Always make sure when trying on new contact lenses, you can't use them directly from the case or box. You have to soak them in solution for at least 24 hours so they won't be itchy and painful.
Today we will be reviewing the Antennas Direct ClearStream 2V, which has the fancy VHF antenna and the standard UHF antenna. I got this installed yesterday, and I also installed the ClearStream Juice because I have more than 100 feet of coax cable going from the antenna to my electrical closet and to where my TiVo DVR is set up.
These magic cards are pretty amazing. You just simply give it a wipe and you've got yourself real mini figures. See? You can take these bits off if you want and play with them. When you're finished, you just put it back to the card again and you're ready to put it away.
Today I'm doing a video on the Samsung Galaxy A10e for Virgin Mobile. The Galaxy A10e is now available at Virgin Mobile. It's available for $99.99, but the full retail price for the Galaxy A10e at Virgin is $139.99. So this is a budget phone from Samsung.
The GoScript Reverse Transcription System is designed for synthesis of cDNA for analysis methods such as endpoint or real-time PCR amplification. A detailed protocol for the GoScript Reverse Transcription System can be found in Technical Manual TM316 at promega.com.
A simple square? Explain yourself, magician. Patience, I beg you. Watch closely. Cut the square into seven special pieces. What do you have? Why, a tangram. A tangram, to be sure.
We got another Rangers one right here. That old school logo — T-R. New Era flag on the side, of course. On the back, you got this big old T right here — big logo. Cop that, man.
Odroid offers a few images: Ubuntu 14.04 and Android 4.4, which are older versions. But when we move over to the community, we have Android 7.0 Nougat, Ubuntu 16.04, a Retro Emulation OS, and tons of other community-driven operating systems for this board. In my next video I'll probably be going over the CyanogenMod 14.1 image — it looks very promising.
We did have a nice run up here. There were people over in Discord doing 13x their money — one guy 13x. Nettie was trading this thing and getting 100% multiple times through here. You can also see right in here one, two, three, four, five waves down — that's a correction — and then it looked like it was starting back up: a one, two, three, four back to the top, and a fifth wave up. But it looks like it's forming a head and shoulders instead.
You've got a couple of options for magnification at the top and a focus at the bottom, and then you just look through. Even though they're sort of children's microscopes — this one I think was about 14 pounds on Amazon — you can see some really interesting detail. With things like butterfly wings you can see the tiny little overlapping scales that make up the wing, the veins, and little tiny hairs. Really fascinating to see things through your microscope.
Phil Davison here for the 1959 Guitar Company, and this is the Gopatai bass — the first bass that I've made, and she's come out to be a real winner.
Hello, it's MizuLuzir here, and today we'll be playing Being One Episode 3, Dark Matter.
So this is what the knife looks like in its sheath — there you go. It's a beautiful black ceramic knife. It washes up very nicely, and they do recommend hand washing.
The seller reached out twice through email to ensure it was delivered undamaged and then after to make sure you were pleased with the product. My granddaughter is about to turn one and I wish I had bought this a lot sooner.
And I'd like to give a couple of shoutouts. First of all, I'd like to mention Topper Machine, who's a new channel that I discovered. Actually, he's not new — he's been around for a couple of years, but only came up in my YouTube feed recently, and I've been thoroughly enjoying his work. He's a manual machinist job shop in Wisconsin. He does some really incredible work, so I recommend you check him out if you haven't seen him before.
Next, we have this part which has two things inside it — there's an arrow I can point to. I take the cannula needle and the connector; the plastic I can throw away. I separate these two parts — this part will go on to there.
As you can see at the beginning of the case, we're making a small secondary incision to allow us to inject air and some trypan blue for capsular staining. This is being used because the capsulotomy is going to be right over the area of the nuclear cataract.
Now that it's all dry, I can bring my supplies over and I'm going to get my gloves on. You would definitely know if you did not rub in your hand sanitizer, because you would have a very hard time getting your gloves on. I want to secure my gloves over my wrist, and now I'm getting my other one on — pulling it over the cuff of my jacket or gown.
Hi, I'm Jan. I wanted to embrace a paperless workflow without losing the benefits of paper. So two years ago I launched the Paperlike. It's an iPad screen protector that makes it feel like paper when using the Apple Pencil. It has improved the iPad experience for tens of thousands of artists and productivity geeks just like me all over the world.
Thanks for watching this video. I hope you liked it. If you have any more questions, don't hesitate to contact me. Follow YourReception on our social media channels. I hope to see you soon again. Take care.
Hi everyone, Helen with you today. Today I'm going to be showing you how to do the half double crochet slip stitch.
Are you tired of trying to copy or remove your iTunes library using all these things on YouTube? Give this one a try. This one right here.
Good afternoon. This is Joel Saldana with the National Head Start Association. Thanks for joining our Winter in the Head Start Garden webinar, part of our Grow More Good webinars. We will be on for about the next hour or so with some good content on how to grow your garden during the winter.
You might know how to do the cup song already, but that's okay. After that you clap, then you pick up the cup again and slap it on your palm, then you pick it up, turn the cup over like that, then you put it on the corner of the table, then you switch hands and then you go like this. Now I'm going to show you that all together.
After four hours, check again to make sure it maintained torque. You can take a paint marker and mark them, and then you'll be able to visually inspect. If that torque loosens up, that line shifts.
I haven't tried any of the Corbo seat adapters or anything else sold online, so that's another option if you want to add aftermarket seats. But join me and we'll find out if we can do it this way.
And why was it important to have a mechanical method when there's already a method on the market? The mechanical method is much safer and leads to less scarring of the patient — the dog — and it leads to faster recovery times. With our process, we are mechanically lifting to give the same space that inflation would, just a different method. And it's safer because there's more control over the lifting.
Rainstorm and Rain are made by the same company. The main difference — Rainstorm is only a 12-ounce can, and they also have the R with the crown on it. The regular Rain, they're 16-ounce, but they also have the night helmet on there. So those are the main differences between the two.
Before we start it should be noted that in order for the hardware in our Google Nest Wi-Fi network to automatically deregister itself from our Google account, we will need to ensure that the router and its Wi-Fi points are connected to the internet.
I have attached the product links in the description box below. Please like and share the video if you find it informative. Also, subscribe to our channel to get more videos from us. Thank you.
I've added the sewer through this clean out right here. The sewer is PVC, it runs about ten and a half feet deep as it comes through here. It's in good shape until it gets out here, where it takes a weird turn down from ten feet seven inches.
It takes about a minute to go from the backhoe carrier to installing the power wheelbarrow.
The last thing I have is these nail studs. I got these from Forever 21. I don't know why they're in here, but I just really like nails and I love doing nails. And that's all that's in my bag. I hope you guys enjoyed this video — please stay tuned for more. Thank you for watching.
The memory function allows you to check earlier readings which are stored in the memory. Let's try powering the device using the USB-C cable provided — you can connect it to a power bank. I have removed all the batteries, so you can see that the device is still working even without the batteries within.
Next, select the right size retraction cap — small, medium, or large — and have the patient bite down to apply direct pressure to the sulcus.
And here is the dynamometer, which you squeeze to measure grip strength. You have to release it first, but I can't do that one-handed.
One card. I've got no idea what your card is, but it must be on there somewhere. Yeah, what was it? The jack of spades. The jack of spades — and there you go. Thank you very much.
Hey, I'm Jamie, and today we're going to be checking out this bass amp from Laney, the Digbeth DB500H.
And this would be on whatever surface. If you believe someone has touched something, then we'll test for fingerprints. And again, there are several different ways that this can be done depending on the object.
* * * * *
### Problem description:
Only the lines containing the word "yourself" should be returned from the data above.

### Answer to the problem:
These magic cards are pretty amazing. You just simply give it a wipe and you've got yourself real mini figures. See? You can take these bits off if you want and play with them. When you're finished, you just put it back to the card again and you're ready to put it away.
A simple square? Explain yourself, magician. Patience, I beg you. Watch closely. Cut the square into seven special pieces. What do you have? Why, a tangram. A tangram, to be sure.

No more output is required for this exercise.